Hemp farmer dealing with thieves who think they're stealing marijuana

ELIZABETHTOWN, Ky. (WAVE) - Some Kentucky hemp farmers are dealing with a new menace to crops -- thieves.

Elizabethtown police have seen an increase in cases. They want to warn criminals that it may look like marijuana, but it won't get you high. But if you get caught stealing, the punishment could be just as severe.

Thieves haven't been a problem for Jimmy Jenkins at Highland Sod Farms in Hardin County for the past 25 years, but ever since he started growing a new crop this summer, that has changed.

"It's been pretty wild," Jenkins said. "People have been coming in all over the farm, and they're sneaking in different directions ... I guess they're taking them home and eating them or something."

The thing about hemp is that it looks like marijuana. And It smells like marijuana.

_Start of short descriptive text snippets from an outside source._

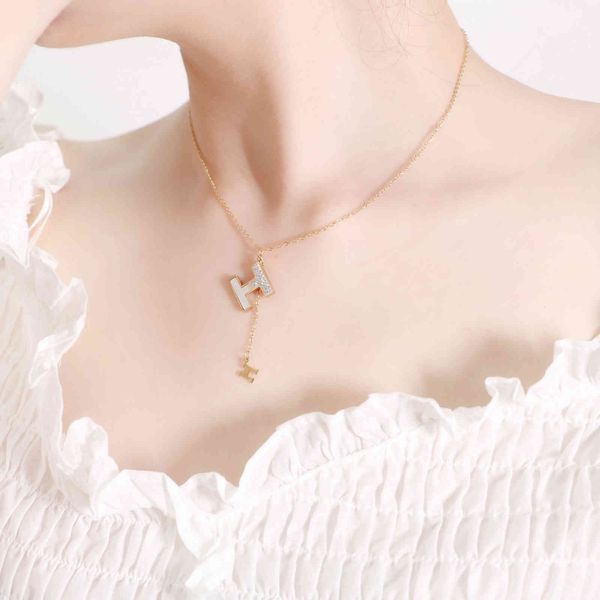 2021 new jewelry decorated titanium steel letter fritillaria diamond splicing tassel small pendant necklace temperament ol match with clavic, Silver
2021 new jewelry decorated titanium steel letter fritillaria diamond splicing tassel small pendant necklace temperament ol match with clavic, Silver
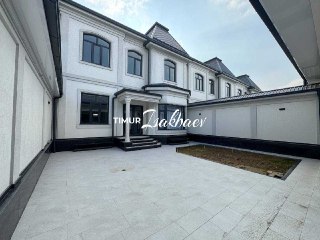 Продам ЕвроДом Амир Темур 3 сотки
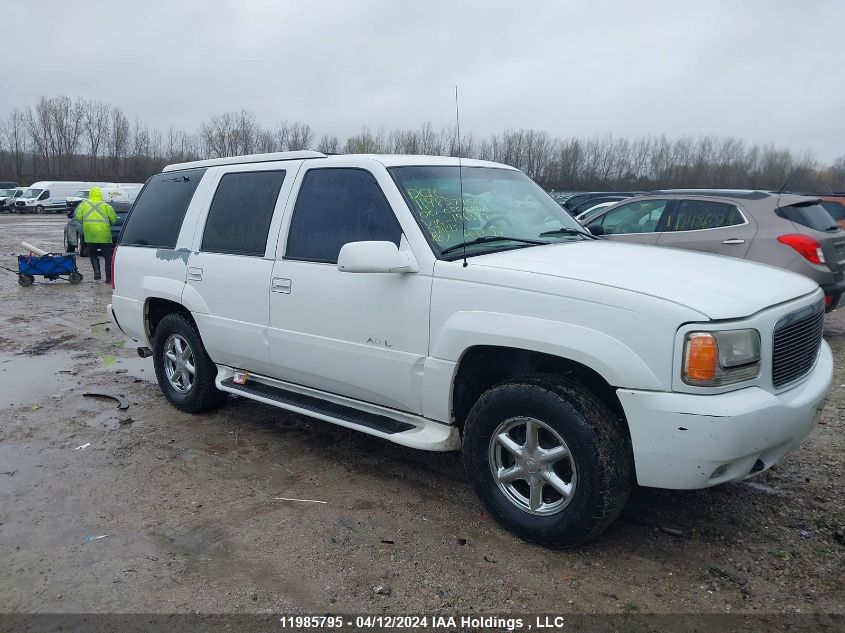 2000 Cadillac Escalade VIN: 1GYEK63R1YR196397 Lot: 44611864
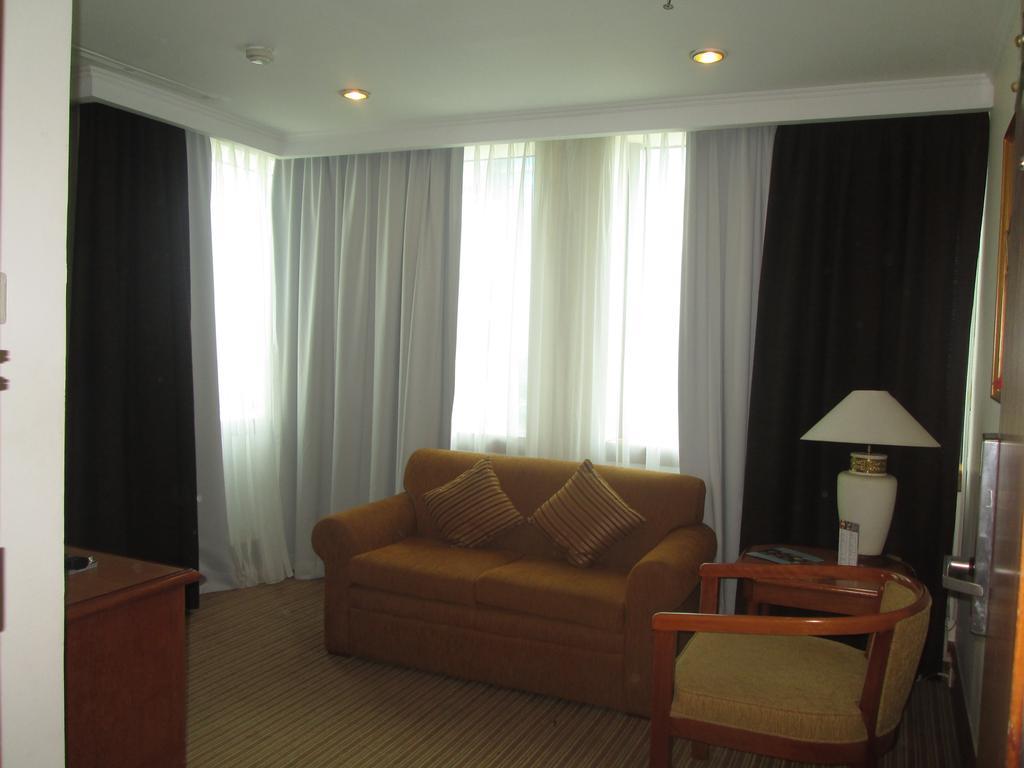 Menara Peninsula Hotel Jakarta Exterior photo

But it's not going to get you high.

"These are bred so the THC is less than .03, so it's not got enough THC to do anything for you," Jenkins said.

"If we catch you in possession of hemp plants, it's basically the same as possession of marijuana," Officer John Thomas said. "Without a license, you cannot be in possession of it, you cannot cultivate it, you cannot market it."

Elizabethtown police are trying to nip it in the bud before the trend becomes more common.

"We support Kentucky farmers, and if we catch you stealing from Kentucky farmers, we are going to prosecute you," Thomas said.

"It's just really nice to have someone backing you and supporting you," Jenkins said.

With it already being a dry season, it's tough for Jenkins to stomach losing plants that cost a couple hundred dollars a piece.

"The cost of the plants is minimal compared to the labor put into it," he said, adding that he has more than 500 acres of hemp, and some ideas on how he's going to protect it. "Be prepared to be met with aggression."

Elizabethtown police said they’ll be keeping a close eye on local hemp fields, and since most of the thefts happen in fields that run along main roads, they’re asking the public to call in anything suspicious.